▶ _Task details_: Of the material below, only the lines from the line containing "Conjunto niños Real" down to the line containing "Aloe B&B Oranjestad Panzió" belong in the answer, written out exactly.

▶ _Records_:
= = = = = = =
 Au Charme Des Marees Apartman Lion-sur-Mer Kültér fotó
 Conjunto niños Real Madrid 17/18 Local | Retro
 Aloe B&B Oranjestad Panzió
= = = = = = =
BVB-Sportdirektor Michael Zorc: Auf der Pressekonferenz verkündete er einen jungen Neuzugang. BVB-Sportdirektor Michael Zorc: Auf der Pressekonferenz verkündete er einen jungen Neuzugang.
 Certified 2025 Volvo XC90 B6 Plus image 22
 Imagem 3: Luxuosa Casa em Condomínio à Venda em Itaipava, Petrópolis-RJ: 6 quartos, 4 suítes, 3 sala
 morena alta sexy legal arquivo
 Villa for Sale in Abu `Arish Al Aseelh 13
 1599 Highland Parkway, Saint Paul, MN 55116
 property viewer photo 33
= = = = = = =
▶ _Written solution_:
 Conjunto niños Real Madrid 17/18 Local | Retro
 Aloe B&B Oranjestad Panzió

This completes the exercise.